Pau
Nos metemos en la autopista y Trevor y el señor Vance retoman lo que parece ser una conversación muy profunda sobre el precio por metro cuadrado de un edificio de nueva construcción en Seattle. Kimberly me da un codazo e imita su parloteo con la mano.
—Estos hombres son un rollo —dice—. Oye, Trevor me ha contado que el coche te está dando problemas.
—Sí, no sé qué le pasa —contesto tratando de quitarle importancia, lo cual me es más fácil gracias a la cálida sonrisa de Kimberly—. Ayer no arrancaba, así que he llamado a un mecánico, pero Pedro ya había hecho que vinieran a buscarlo.
Sonríe.
—No se da por vencido.
Suspiro.
—Eso parece.

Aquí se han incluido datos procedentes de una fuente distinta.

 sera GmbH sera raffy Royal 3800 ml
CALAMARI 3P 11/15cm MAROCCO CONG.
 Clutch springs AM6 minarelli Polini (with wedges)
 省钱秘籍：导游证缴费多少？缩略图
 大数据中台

Ojalá me diera tiempo para procesarlo todo.
—¿Qué es lo que tienes que procesar? —pregunta.
Había olvidado que ella no sabe nada de la apuesta ni de mi humillación, y no quiero contárselo. Sólo sabe que Pedro y yo hemos roto.

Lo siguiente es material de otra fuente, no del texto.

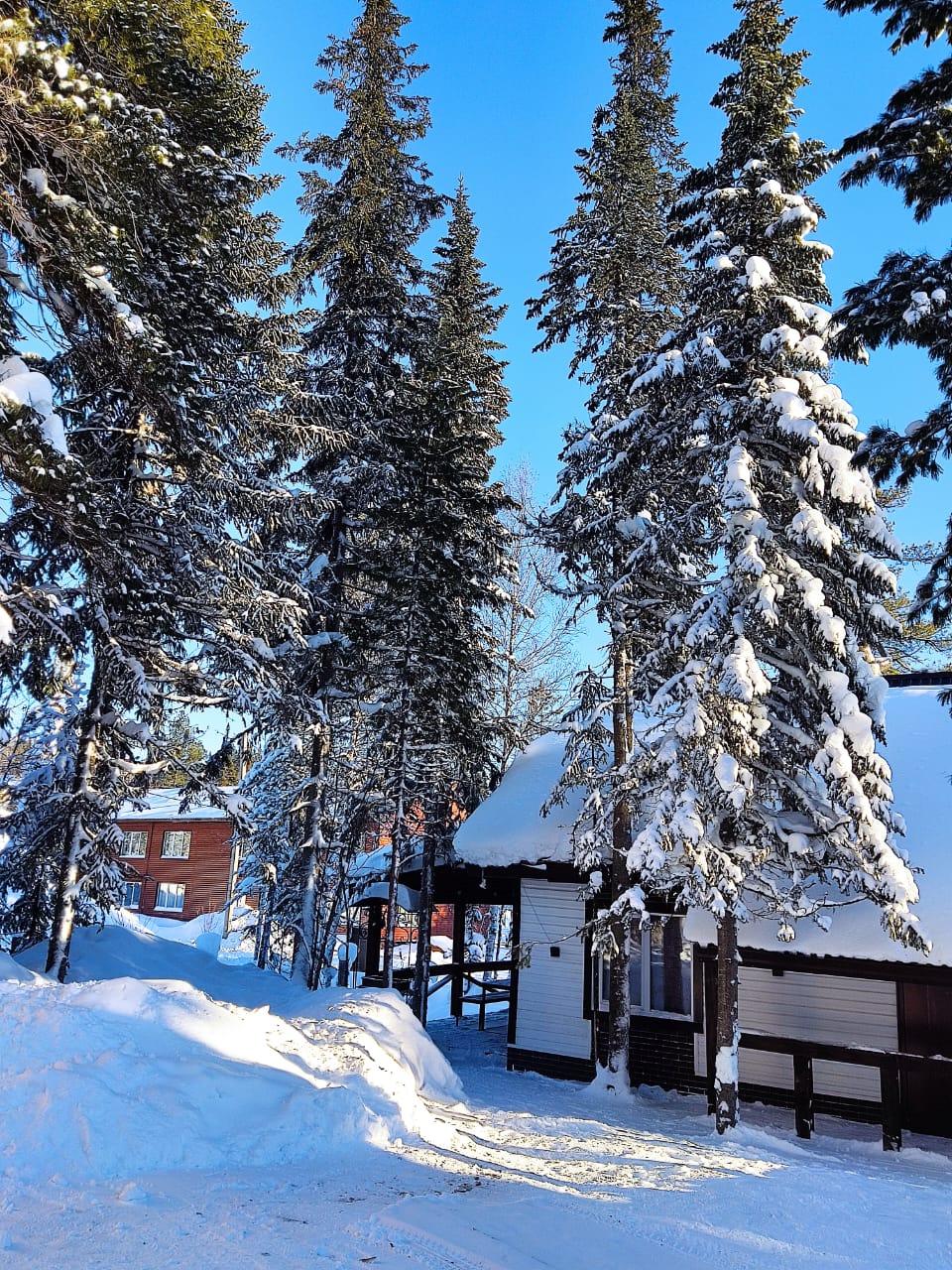 Фото 4 Стихии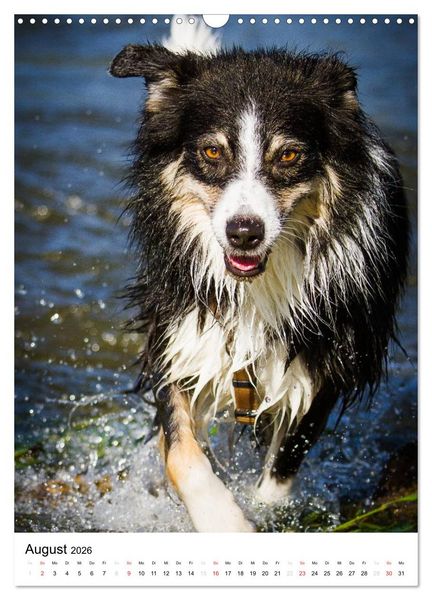 Produktbild: Australian Shepherd &ndash; Mit dem Aussie unterwegs (Wandkalender 2026 DIN A3 hoch), CALVENDO Monatskalender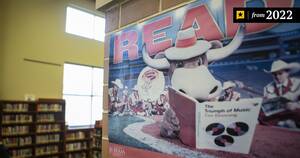 Brian Krause Porn - Texas House GOP members ask schools to not buy â€œpornographicâ€ materials |  The Texas Tribune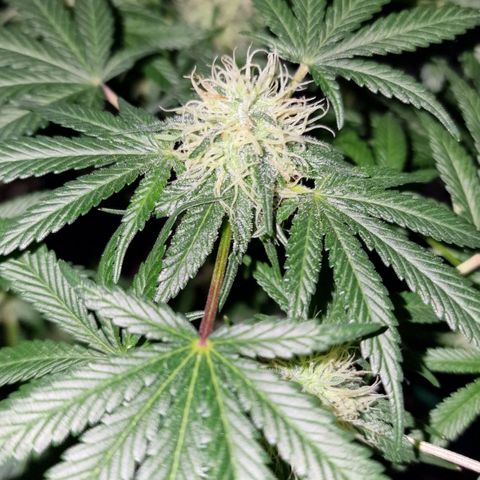 CG - El valle haze growlog timeline photo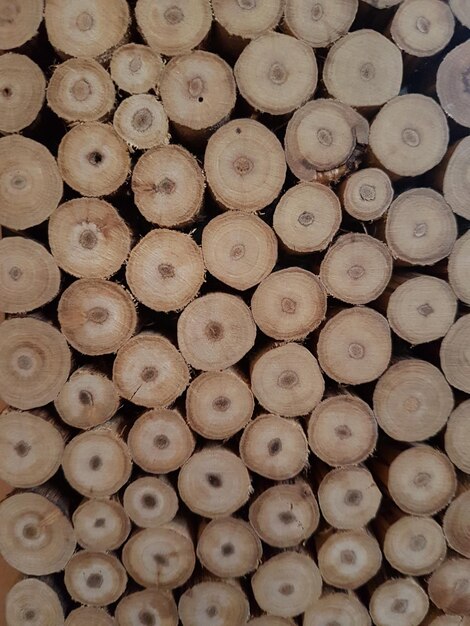Foto pila de lenha de fundo de madeira
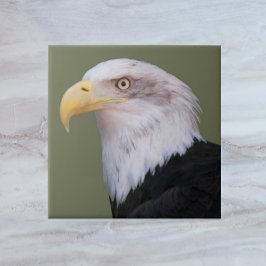 American Örn Head Kakelplatta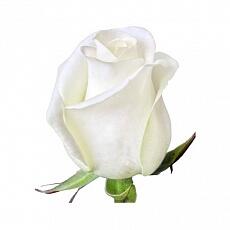 Белые розы Akito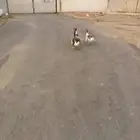 وز ذكر وثنتين اناثي بمحايل عسير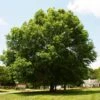 Pin Oak Tree -Plant Seed Store Pin Oak FGT 600x600 c4defe34 4bd0 4d62 8fe8 b2d365e03b60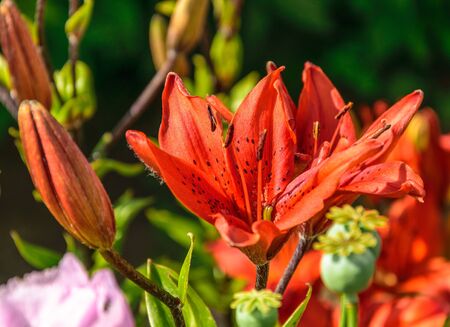 Macro photo nature blooming red flower Lilium bulbiferumの写真素材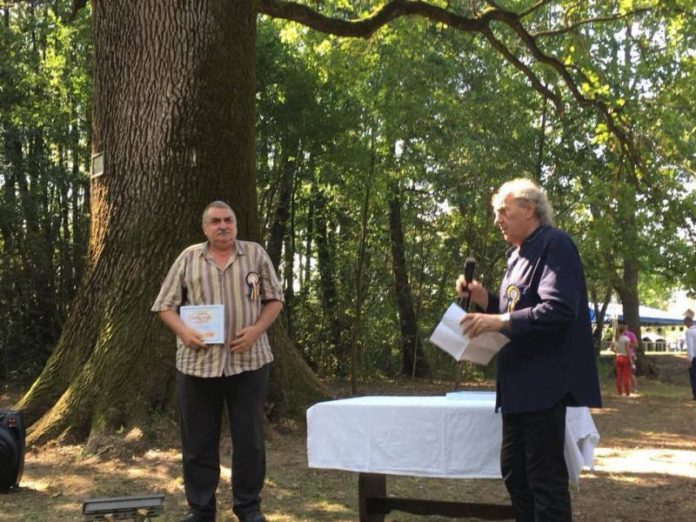 69991670_454843081781492_3326270497930346496_n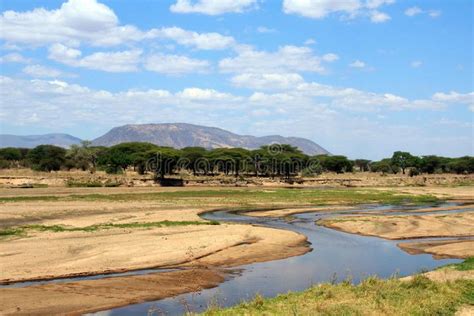 African Landscape Ruaha River In Dry Season Stock Image Image Of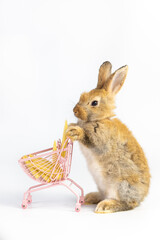 cute rabbit pushing empty shopping trolley cart and looking some food, isolated on white background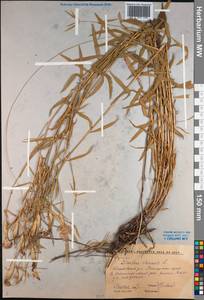 Dianthus chinensis L., Siberia, Russian Far East (S6) (Russia)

—No sé, todo. Están pasando muchas cosas y todavía no tengo donde vivir. Siento que no se lo está tomando tan en serio como debería. Cree que puede hacer conmigo y con mi vida lo que quiera, que puede aparecer y disculparse y que se lo voy a perdonar todo, y las cosas no funcionan así, al menos ya no —resoplo.
—Bien por ti. Me alegro de que te hayas puesto en tu sitio —dice.

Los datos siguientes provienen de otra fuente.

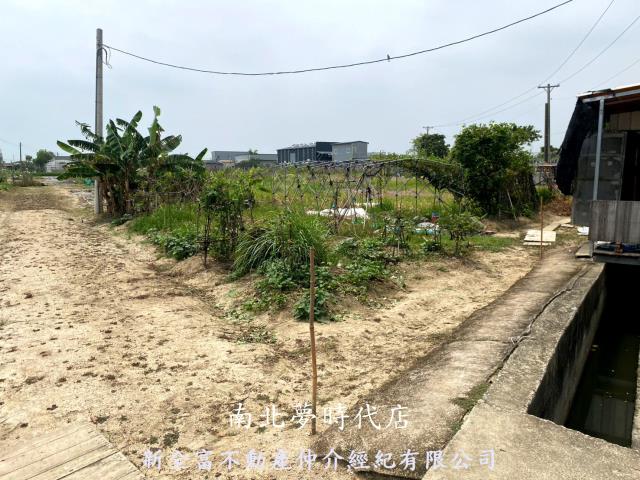 西區農地-12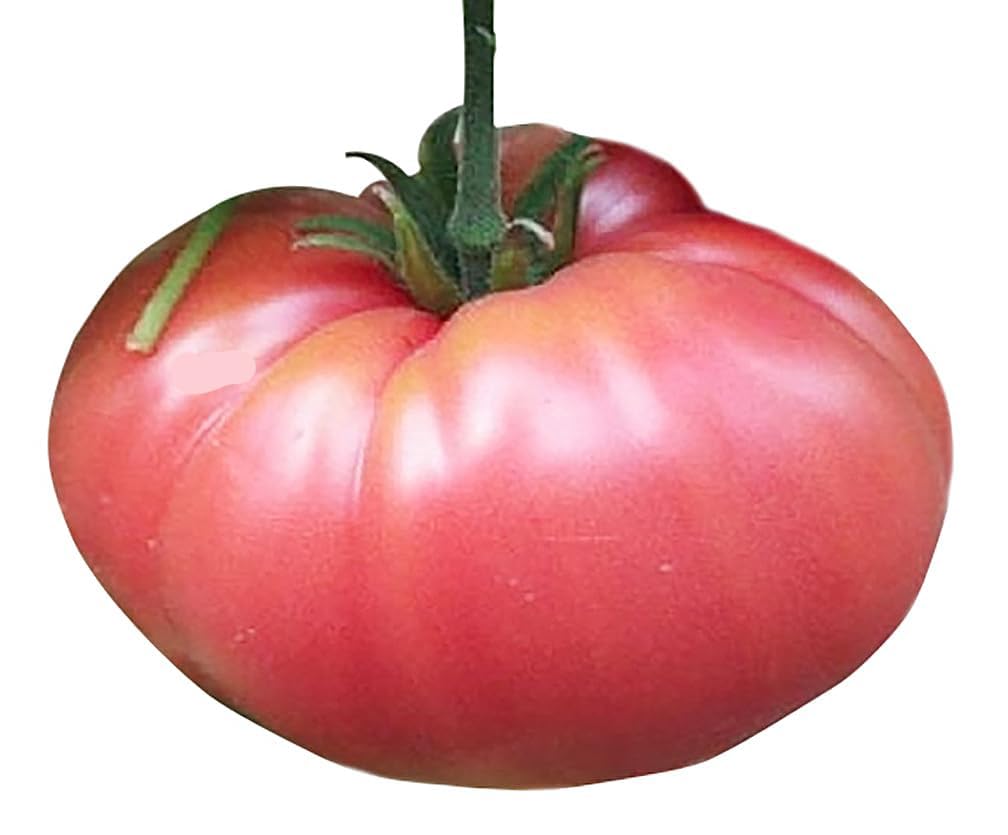 Marde Ross German Johnson seed pack ready for planting in home gardens, great for large, flavorful tomatoes.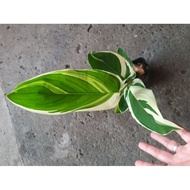 ♞,♘Calathea White Fusion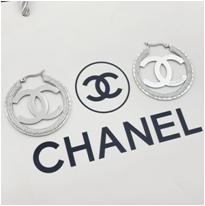 Stainless steel jewelry Earrings wholesale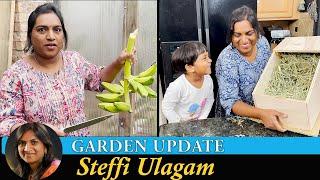 Garden Update Vlog in Tamil  Nesting Box for Coco  Preparing Plants for Winter and harvest Vlog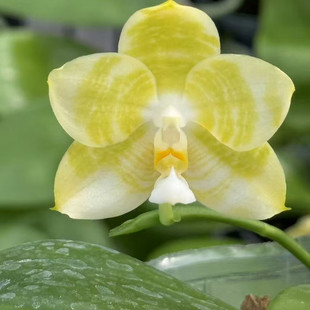 旭日生物 趣味蝴蝶兰 弥陀黄龙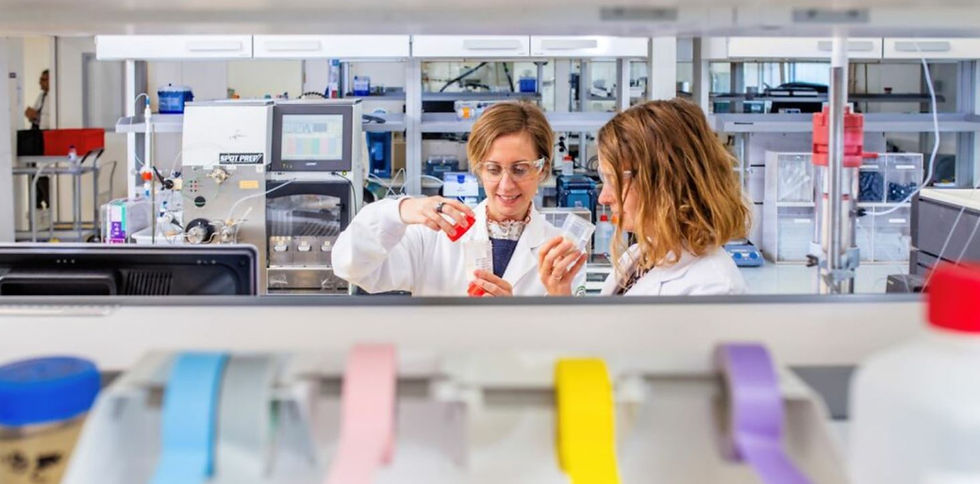 Lesaffre secures majority stake in Biorigin to strengthen its savoury ingredient solutions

Y yo me alegro de que no me pida detalles.
—Gracias, yo también.
Estoy muy orgullosa de mí misma por haberle plantado cara a Pedro y por no haber cedido, aunque también me siento fatal por lo que le dije ayer. Sé que se lo tenía merecido, pero no puedo evitar pensar: «¿Y si de verdad le importo tanto como dice?».
No obstante, aunque en el fondo sea así, no creo que con eso baste para garantizar que no volverá a hacerme daño.
Porque ésa es su costumbre: hacerle daño a la gente.
Kimberly entonces cambia de tema y añade entusiasmada:
—Deberíamos salir esta noche después de la última charla. El domingo esos dos estarán reunidos toda la mañana y podremos ir de compras. Podemos salir esta noche y el sábado, ¿qué te parece?
—Y ¿adónde vamos a ir? —Me echo a reír—. Sólo tengo dieciocho años.
—Da igual. Christian conoce a mucha gente en Seattle. Si vas con él, entrarás en todas partes.
Me encanta cómo se le ilumina la cara cuando habla del señor Vance, y eso que lo tiene sentado al lado.
—Vale —digo—. Nunca he «salido». He estado en unas cuantas fiestas de la fraternidad, pero nunca he pisado un club ni nada parecido.
—Te lo pasarás bien, no te preocupes —me asegura—. Y tienes que ponerte ese vestido —añade con una carcajada.